Machtkampf : Kritik an EU-Empfang für Tichanowskaja

Belarussische Oppositionsführerin Swetlana Tichanowskaja. Foto: epa/Maciej Kulczynski
Belarussische Oppositionsführerin Swetlana Tichanowskaja. Foto: epa/Maciej Kulczynski

MINSK/BRÜSSEL/MOSKAU: Mehr als einen Monat nach der umstrittenen Präsidentenwahl in Belarus stellt sich Swetlana Tichanowskaja nun bei den Außenministern in Brüssel vor. Nicht nur dem Machtapparat von Alexander Lukaschenko in Minsk missfällt das.

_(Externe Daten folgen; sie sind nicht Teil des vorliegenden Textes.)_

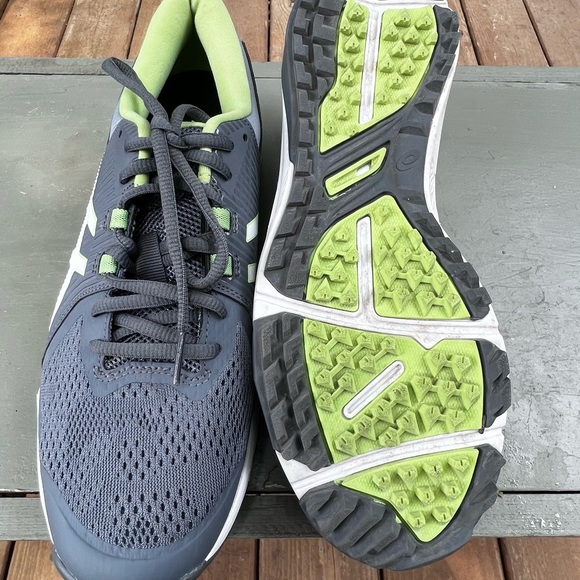 ASICS Women's Gel Course Glide Spikeless Golf Shoes - Picture 3 of 8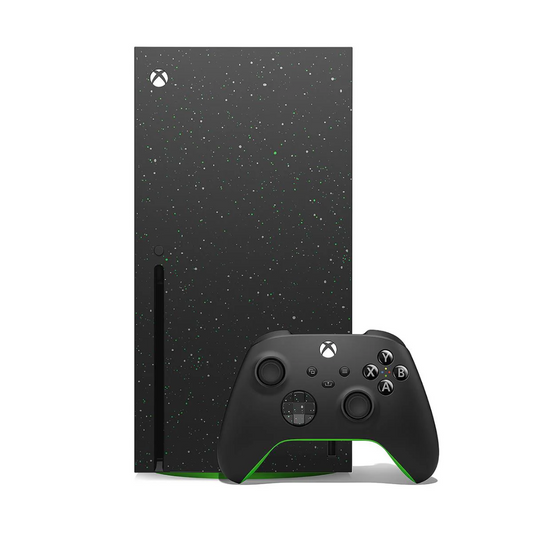 Xbox Series X - (1TB) - ITALYSUPPLY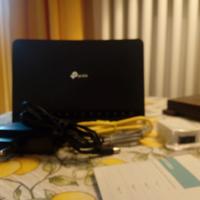 Modem router TP-LINK Archer VR1200v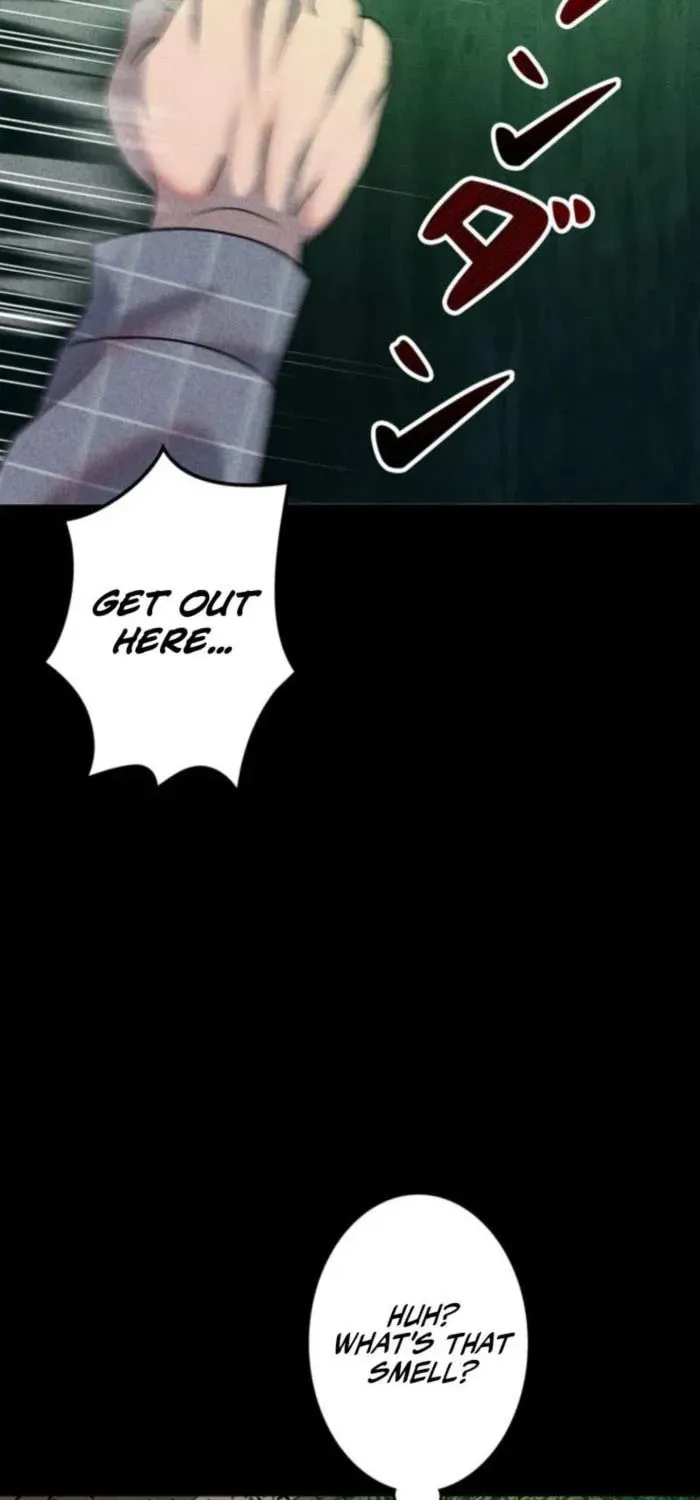 Read Evolution: Road to Space Monster chapter 64 image 4 on Lezhin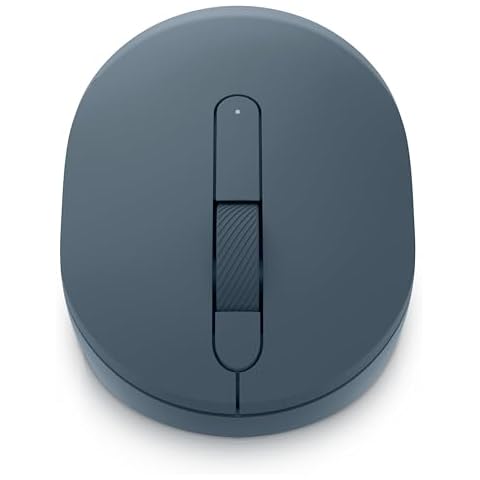 Souris sans fil Dell MS3320W Cover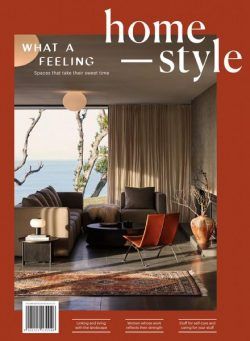 homestyle New Zealand – August 2021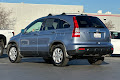 2007 Honda CR-V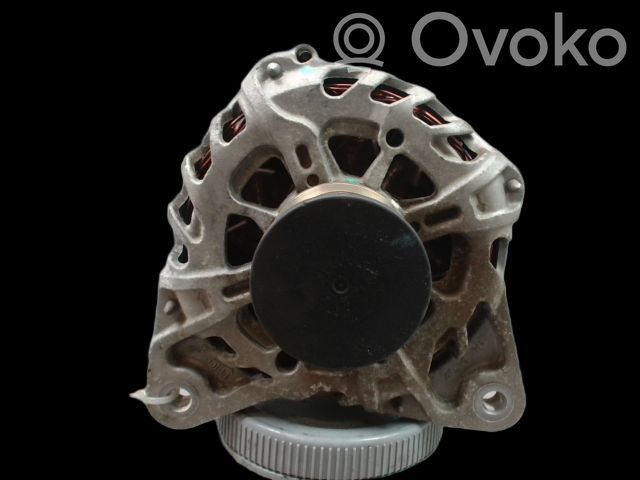 Dacia Duster Alternador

Begleitet von scharfer Kritik der Außenministerien in Moskau und Minsk trifft sich die belarussische Oppositionsführerin Swetlana Tichanowskaja an diesem Montag mit Chefdiplomaten in Brüssel. Russland verurteilte schon vorab den EU-Empfang für Tichanowskaja als Einmischung in die inneren Angelegenheiten vom Belarus (Weißrussland). «Angesichts der Lage in Belarus läuft das dem Ziel zuwider, die Stabilität wiederherzustellen», sagte die Sprecherin des russischen Außenministeriums, Maria Sacharowa.

Russland sieht sich selbst seitens der Opposition in Belarus aufgefordert, sich aus den Angelegenheiten des Landes herauszuhalten. Die Demokratiebewegung in dem Land sieht Tichanowskaja als Siegerin der Präsidentenwahl vom 9. August. Dagegen hält Russland den umstrittenen Machthaber Alexander Lukaschenko für den Sieger.

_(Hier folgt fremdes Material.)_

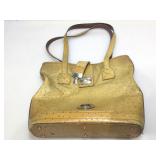 Dooney Bourke purse.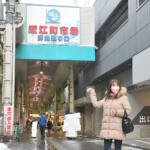 【画像】【試乗】雪道はもちろんドライ路でも雨でも安心！　ヨコハマのスタッドレスタイヤ「アイスガード７」で冬の北陸旅を満喫した 〜 画像44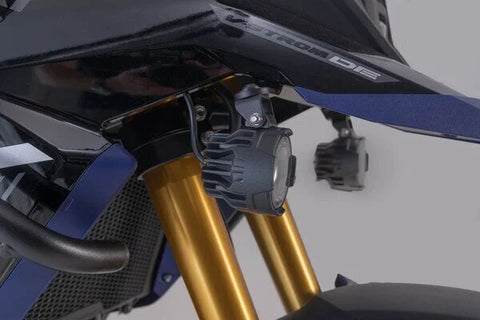SW-Motech Light Mounting Kit Suzuki V-Strom
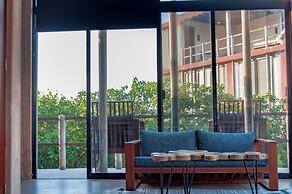 Hotel Caimán Habitat Tulum Beach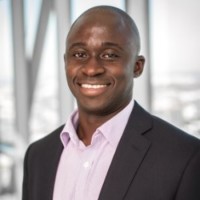 Bessant Parker, MD, MBA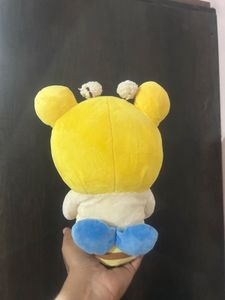 Cute Rilakkuma Plush Toy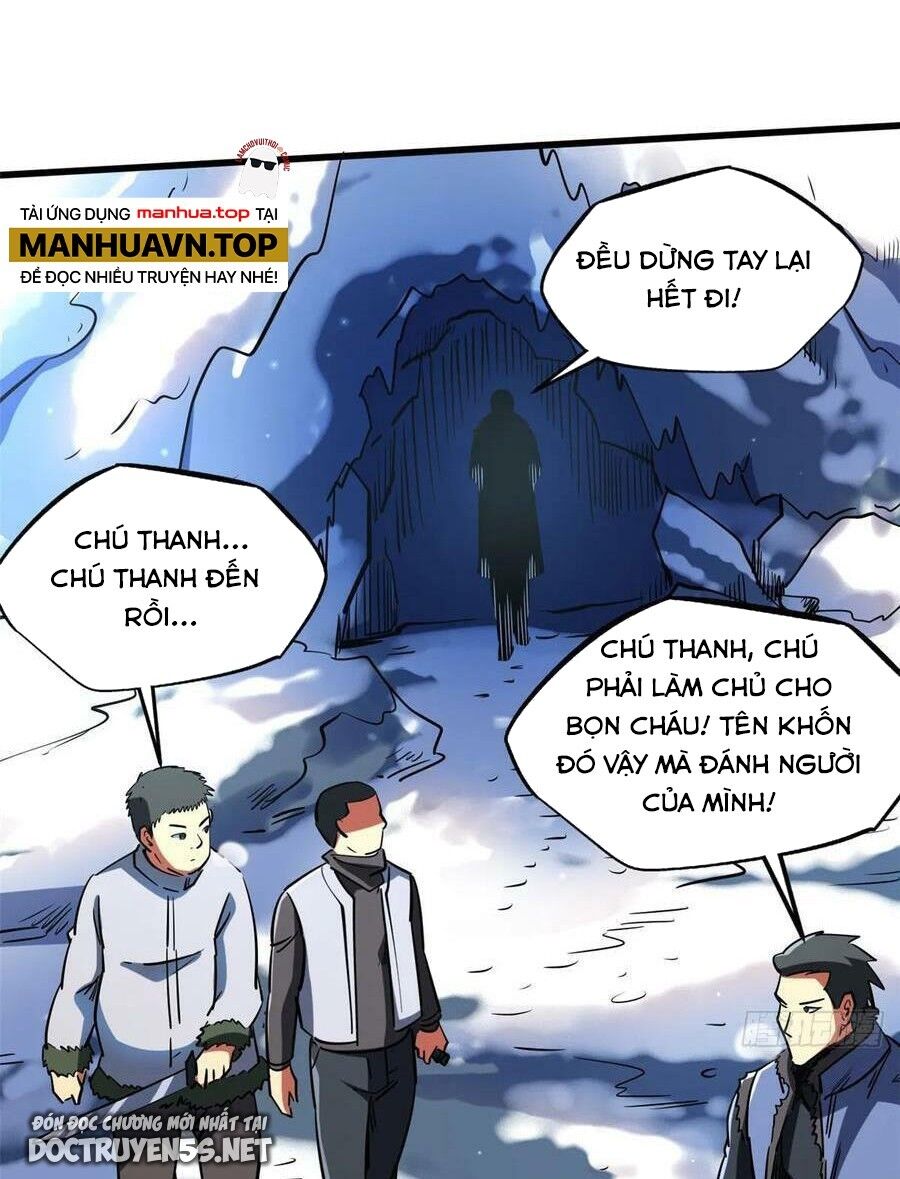 Siêu Cấp Thần Cơ Nhân Chapter 140 - 40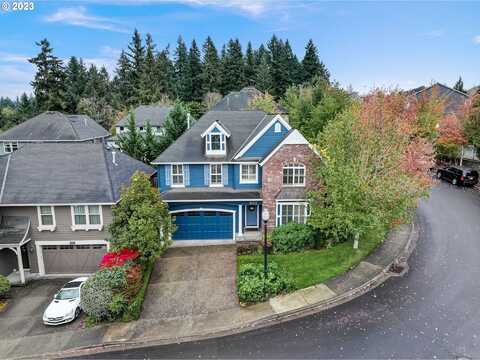 8734 SW 184TH DR, Beaverton, OR 97007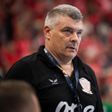 Sűrű a menetrendjük - Fotó: handballveszprem.hu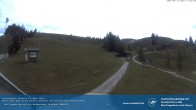 Archiv Foto Webcam Rossfeld bei Berchtesgaden 15:00
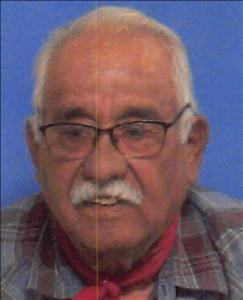 Patricio Valero Crispin a registered Sex Offender of Nevada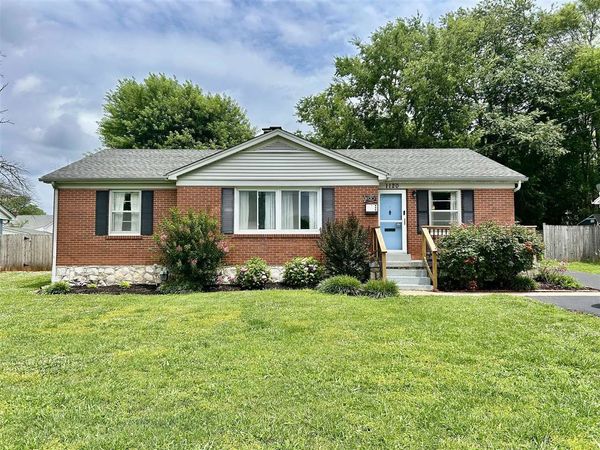 1120 Jones Drive , Bowling Green, KY 42104
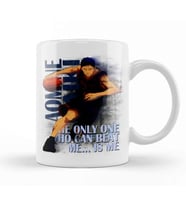 Anime Aomine Kupa Bardak Porselen
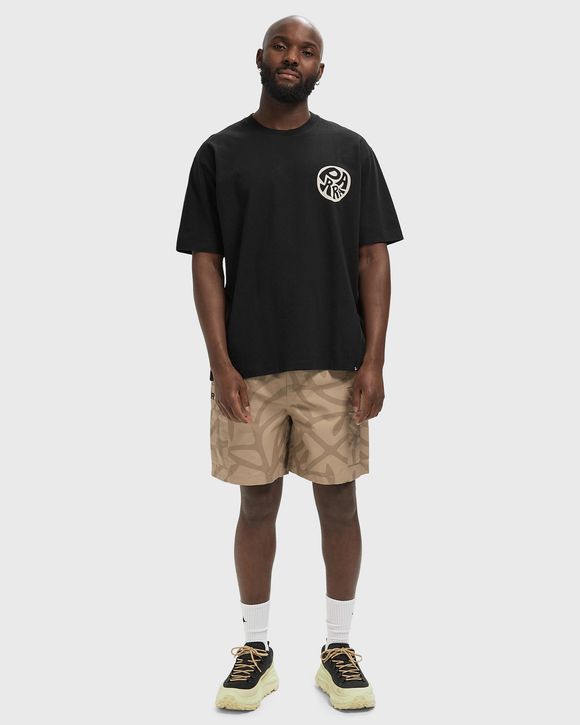 A FOREST TECHNICAL SHORTS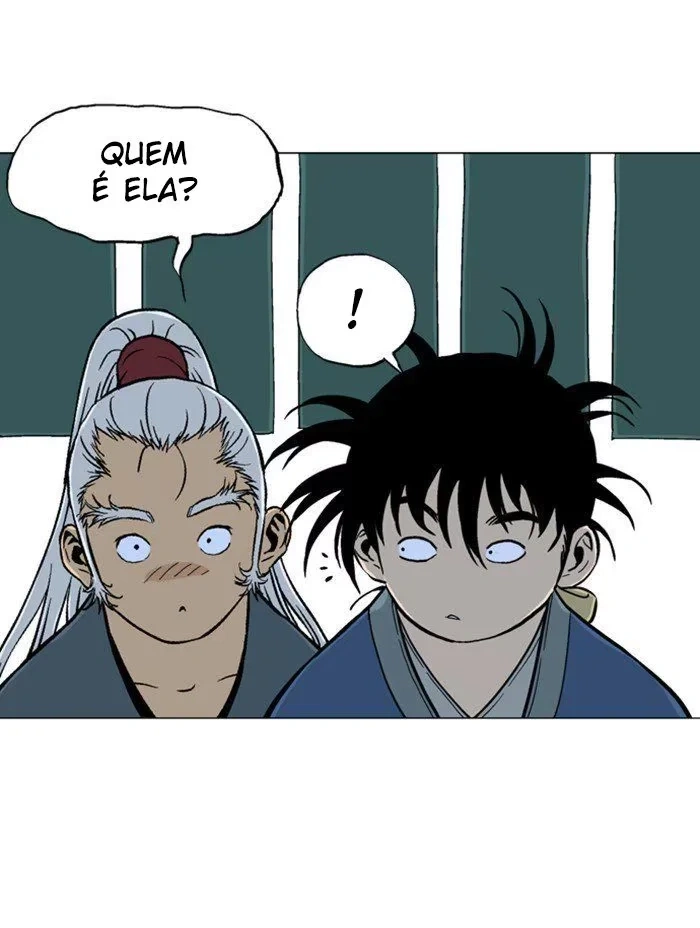 Gosu Capítulo 92 Página 41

Der EU-Außenbeauftragte Josep Borrell hat die 38-jährige Tichanowskaja zu einem Arbeitsfrühstück vor dem Treffen der EU-Außenminister eingeladen. Die Minister beraten über Sanktionen gegen Belarus. Tichanowskaja soll Gelegenheit haben, Bundesaußenminister Heiko Maas (SPD) und die anderen Chefdiplomaten direkt über die Lage in ihrem Land zu informieren. Die EU hatte die Präsidentenwahl nicht anerkannt und auch die anschließende Gewalt unter Lukaschenko gegen friedliche Demonstranten verurteilt. Inzwischen gab es mehrere Tote, Hunderte Verletzte und mehr als 10.000 Festnahmen.

Russland unterstützt den als «letzten Diktator Europas» bezeichneten Lukaschenko politisch und finanziell. Der 66-Jährige hatte sich Anfang August nach 26 Jahren an der Macht zum sechsten Mal zum Wahlsieger erklären lassen - und zwar mit 80,1 Prozent der Stimmen. Kremlchef Wladimir Putin gratulierte ihm zum Sieg.

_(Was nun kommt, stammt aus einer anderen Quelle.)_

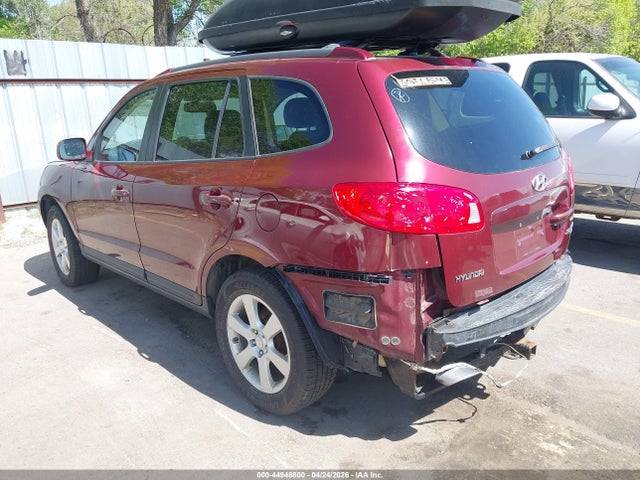 Hyundai SANTA FE Se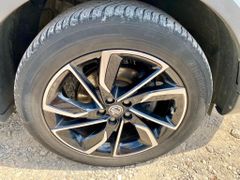 Fahrzeugabbildung MG ZS ICE 1.5 Luxury KLIMA ALU ALLWETTER SHZ KAMERA
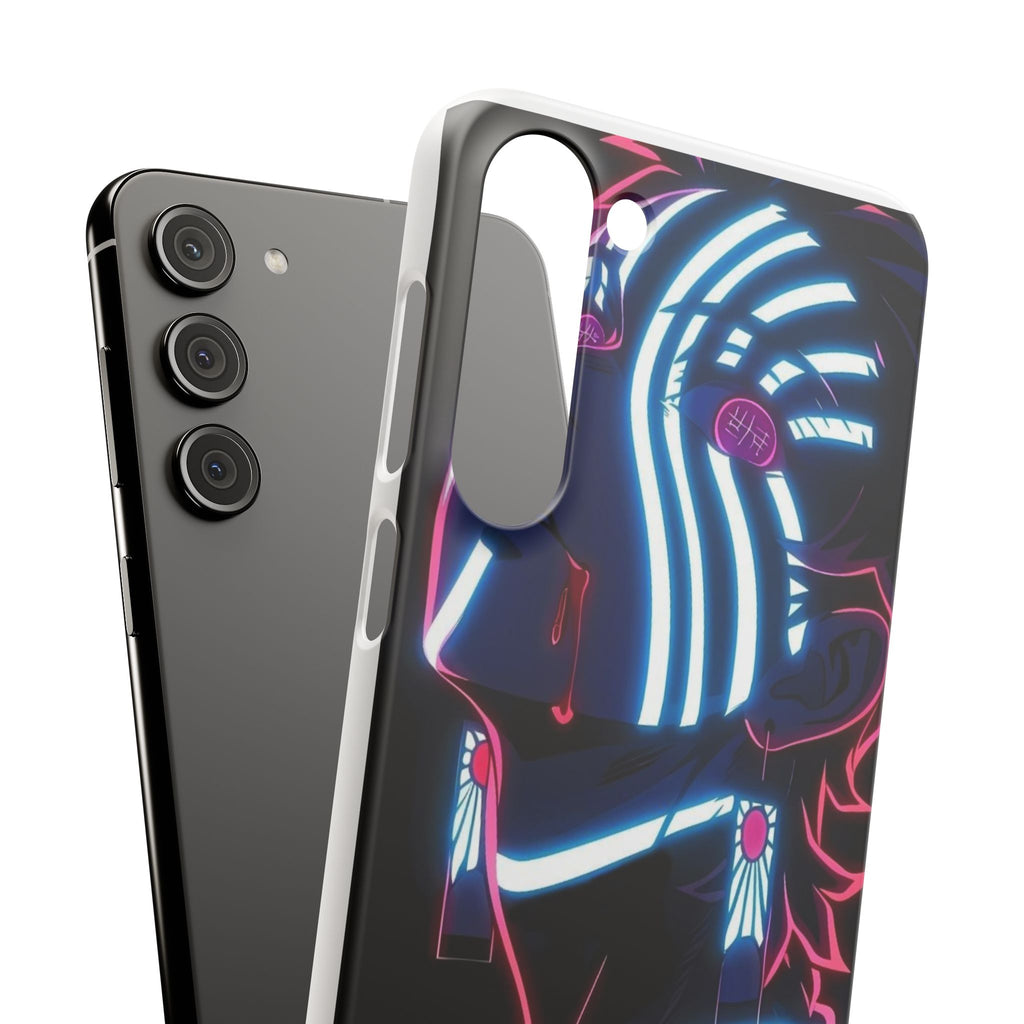 Snap Cases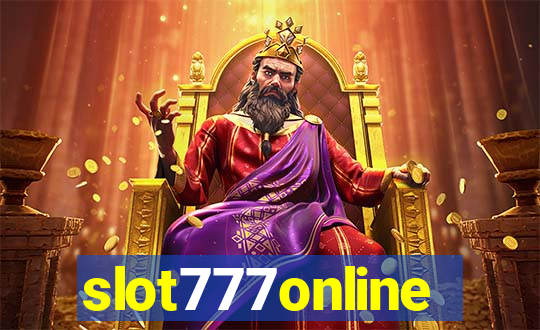 slot777online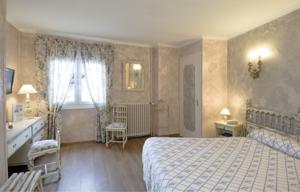 Hotel Restaurant Planes : photos des chambres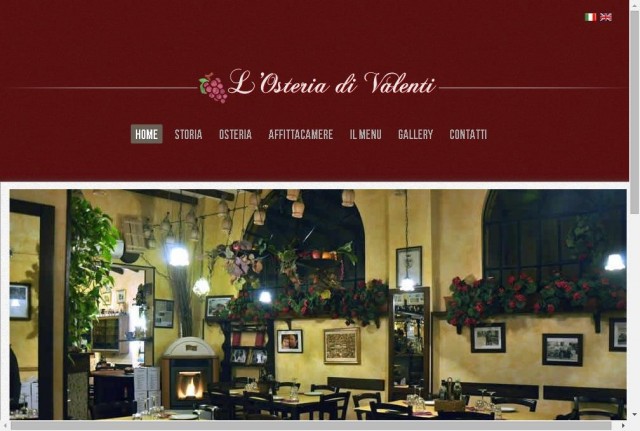 L'Osteria di Valenti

Am Sonntag waren in Belarus zum sechsten Mal in Serie Zehntausende Menschen auf die Straßen gegangen. Sie demonstrierten für ein Ende des «brutalen Regimes», für die Freilassung von politischen Gefangenen und Neuwahlen ohne Lukaschenko. Der Machthaber lehnt einen Dialog mit der Opposition ab und betonte wiederholt, dass er die Macht nicht hergeben werde.

Russland fordert einen gesamtgesellschaftlichen Dialog und unterstützt Lukaschenkos Vorschlag einer Verfassungsreform. Auch das belarussische Außenministerium forderte die EU auf, diesen Weg einer neuen Verfassung zu unterstützen. Zugleich drohte Außenminister Wladimir Makej der EU mit Gegenmaßnahmen, sollten die Minister am Montag erneut Sanktionen gegen Belarus verhängen.

Die EU versuche, jetzt auf verschiedenen internationalen Plätzen Druck auf Belarus auszuüben, sagte Makej am Freitag. Möglich als Reaktion seien eine Sanktionsliste gegen europäische Amtsträger sowie der Entzug der Akkreditierung für ausländische Korrespondenten in Belarus. Radikalere Schritte seien, die Zusammenarbeit in internationalen Organisationen oder das Ausmaß diplomatischer Kontakte mit einzelnen Ländern auf den Prüfstand zu stellen.